- **About this task**: Beginning with the line that contains "Figure 4 : Dépassement", reproduce every line through the end of the records below exactly, and leave the pictures out.

- **Source material**:
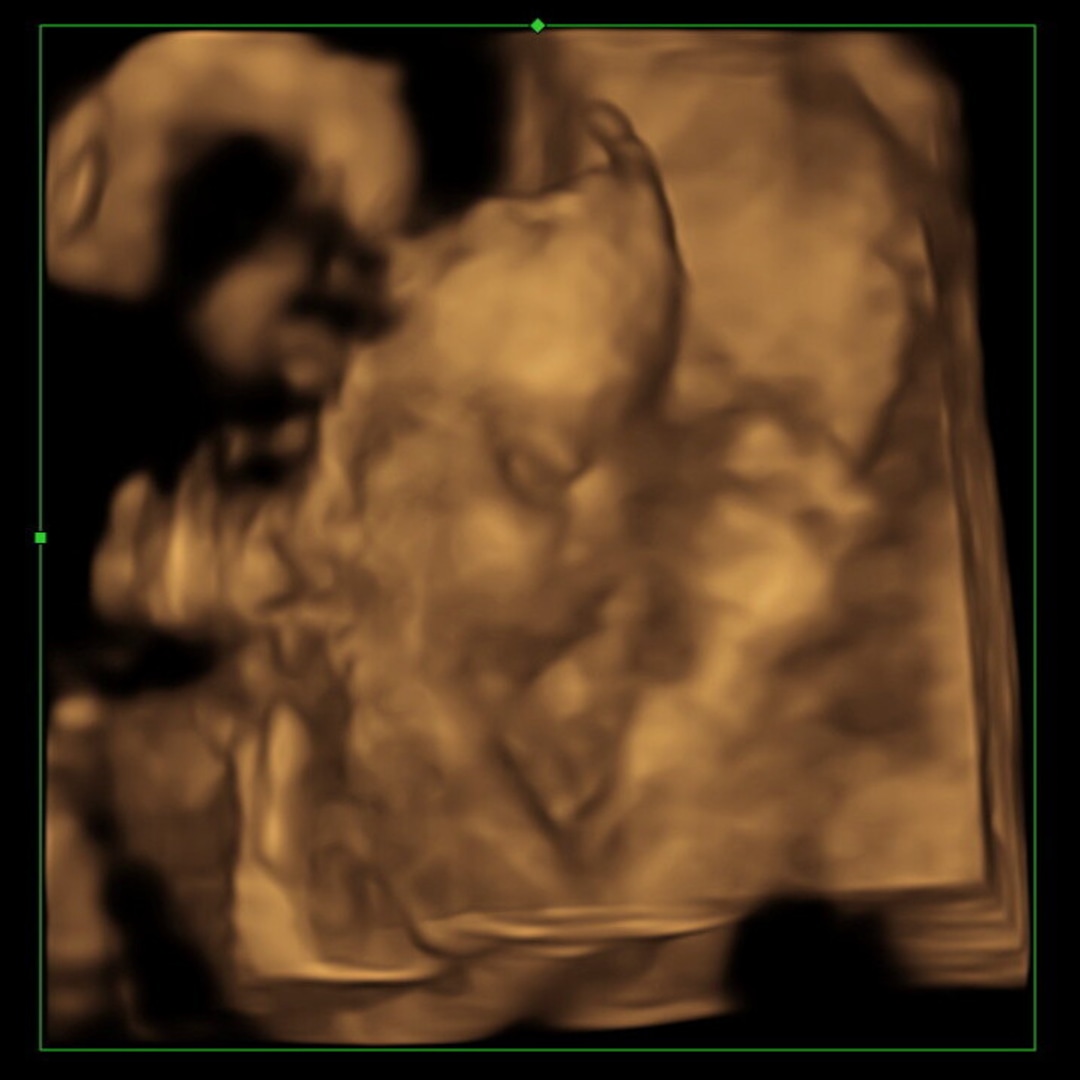 Photo shared by Brianna for their Babylist baby registry.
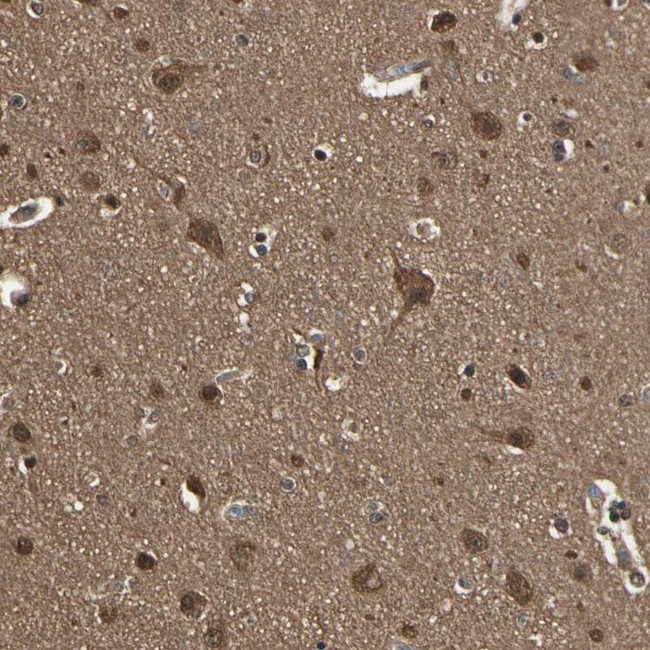 14-3-3 epsilon Antibody in Immunohistochemistry (Paraffin) (IHC (P))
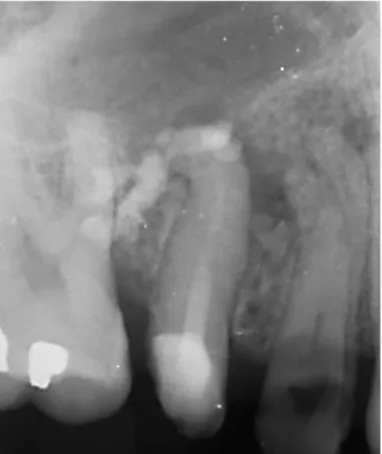 Figure 4 : Dépassement important de pâte d’hydroxyde de calcium dans le péri apex 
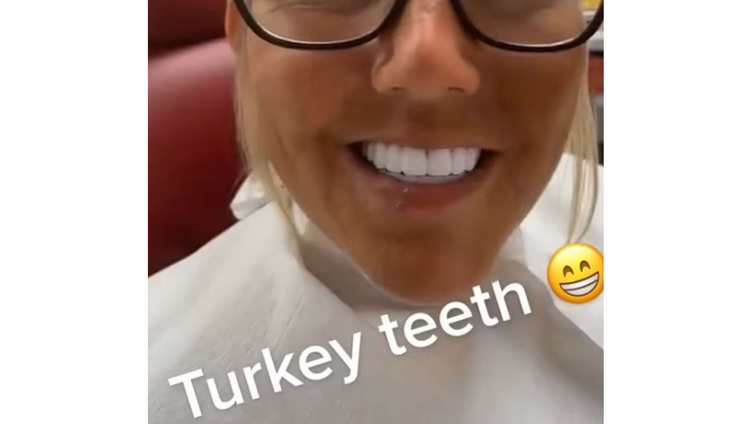 Türkiye'de diş tedavisi gördü! Sosyal medyada olay oldu - Resim : 1
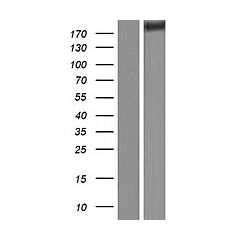 FLNA (Myc-DDK-tagged)-Human Filamin A, alpha (FLNA), transcript variant 1 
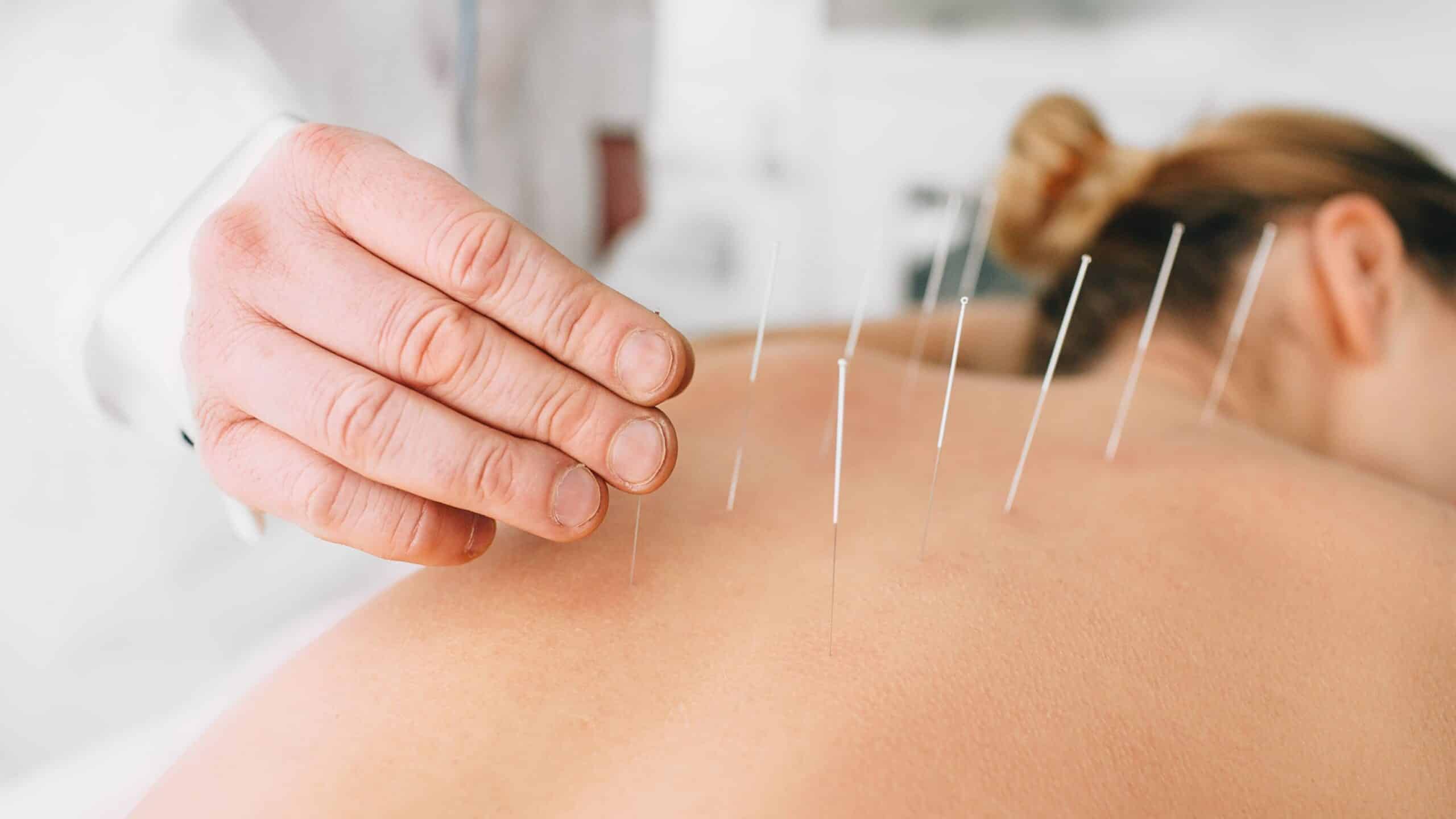 Acupuncture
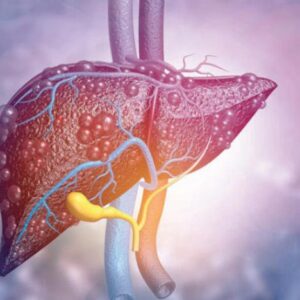 【肝硬化】存活期有多久？成因有哪些？詳解不同期數的症狀和治療方法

- **Exercise response**:
 Figure 4 : Dépassement important de pâte d’hydroxyde de calcium dans le péri apex 
 Türkiye'de diş tedavisi gördü! Sosyal medyada olay oldu - Resim : 1
 FLNA (Myc-DDK-tagged)-Human Filamin A, alpha (FLNA), transcript variant 1 
 Acupuncture
 【肝硬化】存活期有多久？成因有哪些？詳解不同期數的症狀和治療方法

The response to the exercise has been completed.